This is a really easy weeknight meal to put together. It is straight-forward and budget-friendly. Enjoy!
- 4 chicken cutlets
- Flour for dredging
- Italian seasoning
- Olive oil
- Angel-hair pasta
- 1 tbsp. butter
- 1 can artichoke hearts, quartered and drained
- 1 can reduced-sodium chicken broth
- 2 tbsp. capers
- 2 tbsp. dry white wine
- Set a large pot of salted water (with a dash of olive oil) to boil. Start pasta when ready.

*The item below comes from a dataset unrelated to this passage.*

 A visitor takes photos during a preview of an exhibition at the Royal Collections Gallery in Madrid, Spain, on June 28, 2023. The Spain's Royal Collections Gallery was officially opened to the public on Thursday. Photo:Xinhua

- In a shallow dish, mix flour w/dried Italian seasoning and S/P.
- Dredge chicken cutlets in flour and fry on medium heat in a skillet with olive oil. About 2-3 minutes per side.
- Remove chicken to a plate, keep warm. Leave any drippings in the skillet.
- Add broth, artichoke hearts, capers, and wine to skillet. Use a spatula to scrap browning from pan. Add 1 tbsp. of butter and simmer on medium until sauce is reduced by about half.
- Taste and season with S/P accordingly.
- Cook your pasta until al dente – watch angel-hair because it cooks quickly. Drain and retain a tbsp of pasta water. Toss your pasta with the water and a dash of olive oil and course salt.
- Serve the sauce over chicken and angel-hair pasta.
Perfect with a dry white wine.
Time: ~35 minutes total
Recipe Source: Adapted from a March 2009 Food Everyday Recipe.